Captioned web image data
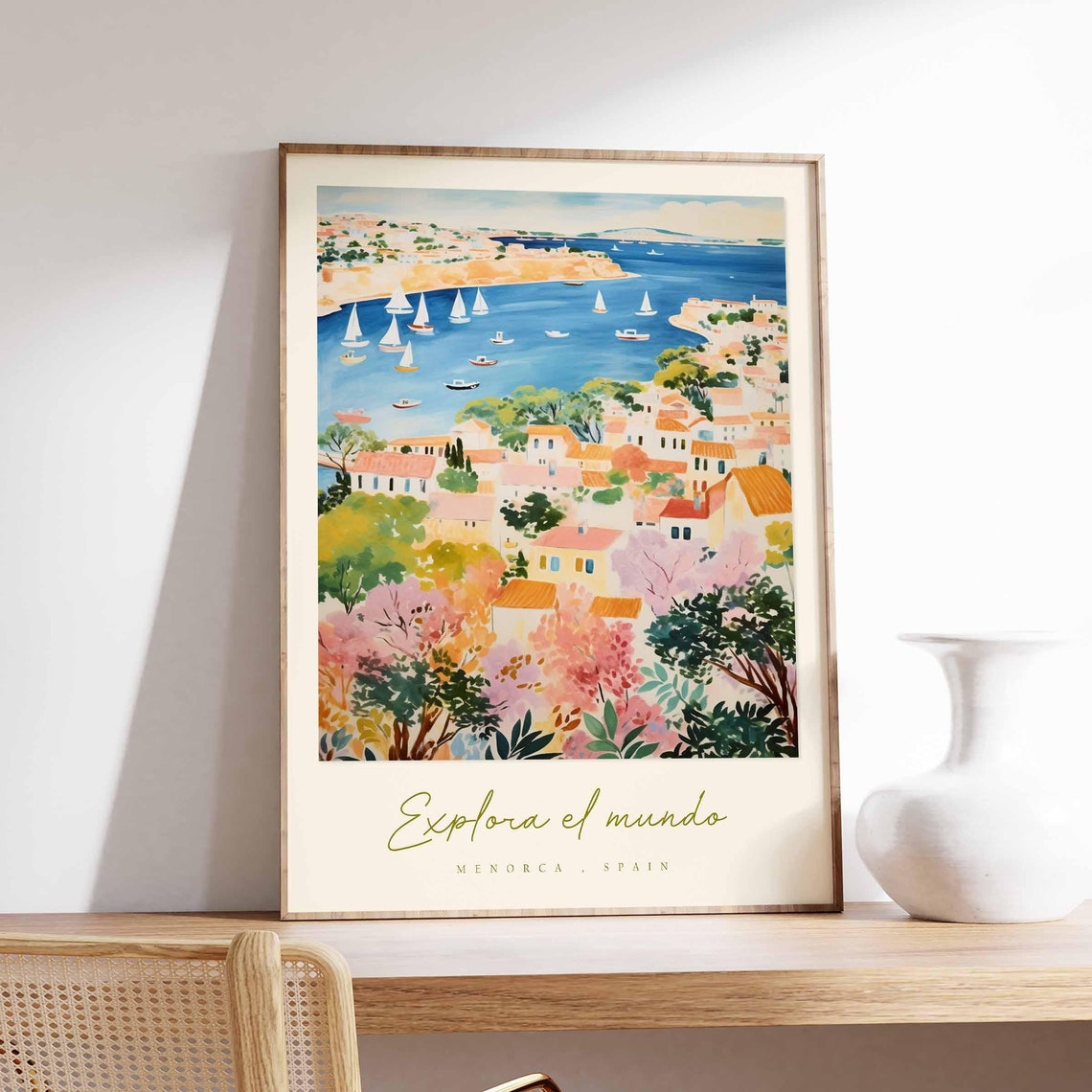 Menorca Spain Explora El Mundo Sailboat Harbor Travel Poster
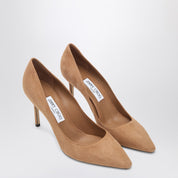 Jimmy Choo Romy 85 Slingback — Toffee Suede Pumps
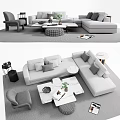Modern Sofa Coffee Table Combination Multi-person Sofa Leisure Chair 3d model
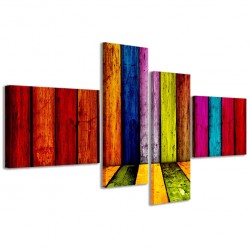 Quadro Poster Tela Multicolored Wooden 160x70 - 1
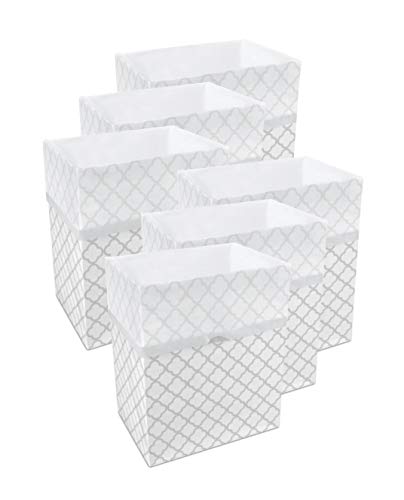 Clean Cubes 13 Gallon Trash Cans & Recycle Bins for Sanitary Garbage Disposal. Disposable Containers for Parties, Events, Recycling, and More. 6 Pack (Trellis)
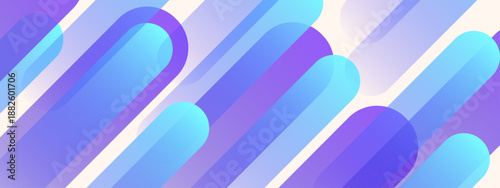 Clean and airy composition with soft pastel blue and violet pill shapes floating diagonally for modern design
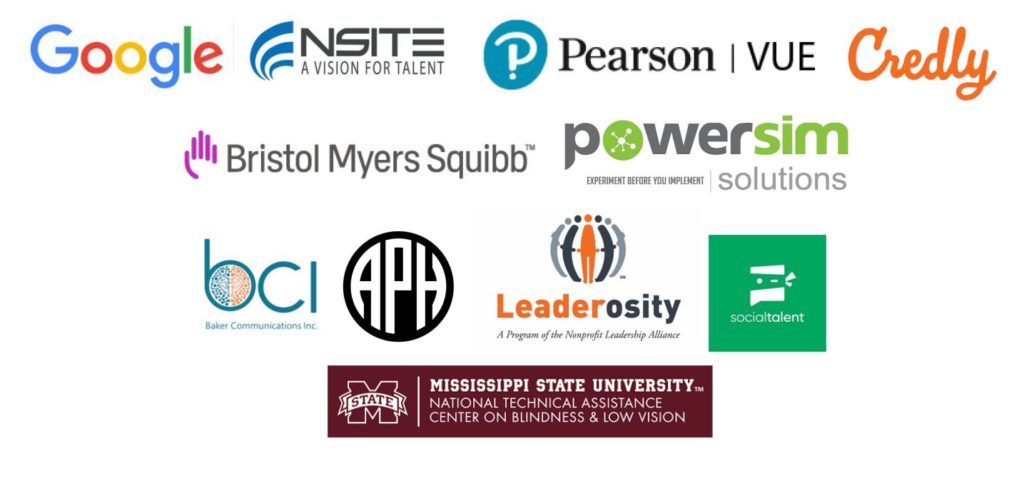 Picture of all partner logos Google, PearsonVue, Credly, Bristol Myers Squibb, Powersim, Baker Communications, APH, Leadersity, Social Talent, Manpower group, Mississippi State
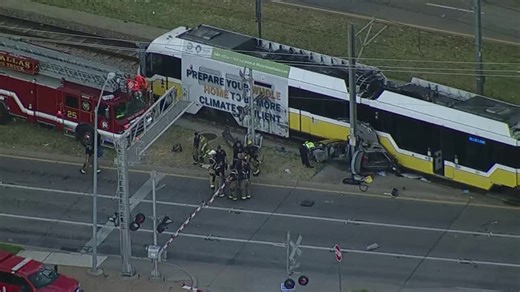 Crews respond to crash involving a vehicle and a DART train in Dallas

## [ACTIVITY]
Each entry above should be reproduced exactly, with the pictures removed.

## [RESPONSE]
 Menorca Spain Explora El Mundo Sailboat Harbor Travel Poster
 Jimmy Choo Romy 85 Slingback — Toffee Suede Pumps
Modern Sofa Coffee Table Combination Multi-person Sofa Leisure Chair 3d model
 Quadro Poster Tela Multicolored Wooden 160x70 - 1
 Clean Cubes 13 Gallon Trash Cans & Recycle Bins for Sanitary Garbage Disposal. Disposable Containers for Parties, Events, Recycling, and More. 6 Pack (Trellis)
 Clean and airy composition with soft pastel blue and violet pill shapes floating diagonally for modern design
 Picture of all partner logos Google, PearsonVue, Credly, Bristol Myers Squibb, Powersim, Baker Communications, APH, Leadersity, Social Talent, Manpower group, Mississippi State
 Crews respond to crash involving a vehicle and a DART train in Dallas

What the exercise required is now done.